**** Information shown ****

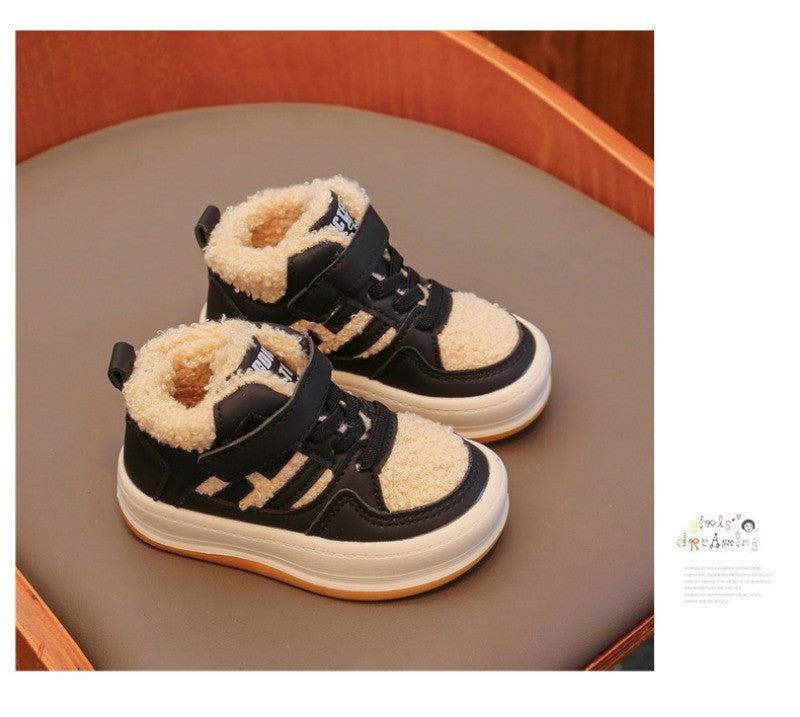 Winter Children Snow Boots for Boys Girls Fashion Baby Kids Outdoor Sneakers Ankle Booties Warm Plush Running Sports Kids Shoes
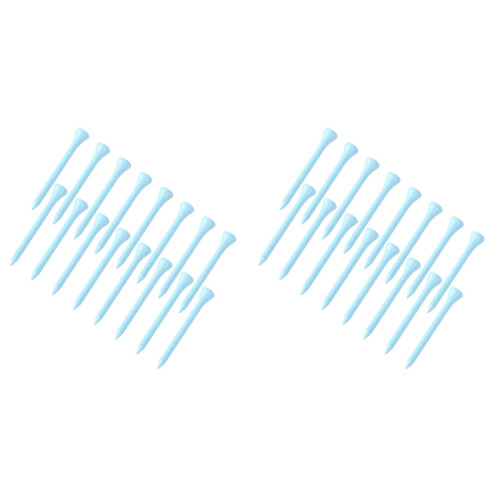 200Pcs Durable Sky-Blue Wood Tees for Golf Depth 1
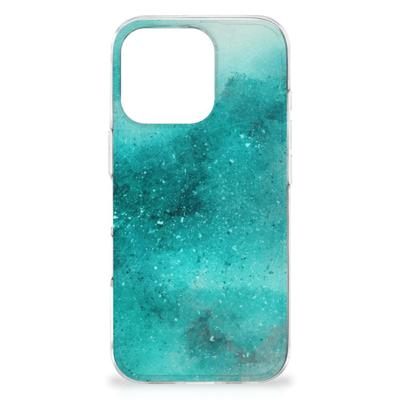 Smartphone hoesje iPhone 16 Pro Painting Blue Smartphone hoesje iPhone 16 Pro Painting Blue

****

## How to complete this task
Transcribe the lines above exactly, setting aside any picture among them.

## Result of this exercise
 Winter Children Snow Boots for Boys Girls Fashion Baby Kids Outdoor Sneakers Ankle Booties Warm Plush Running Sports Kids Shoes
 200Pcs Durable Sky-Blue Wood Tees for Golf Depth 1
 Smartphone hoesje iPhone 16 Pro Painting Blue Smartphone hoesje iPhone 16 Pro Painting Blue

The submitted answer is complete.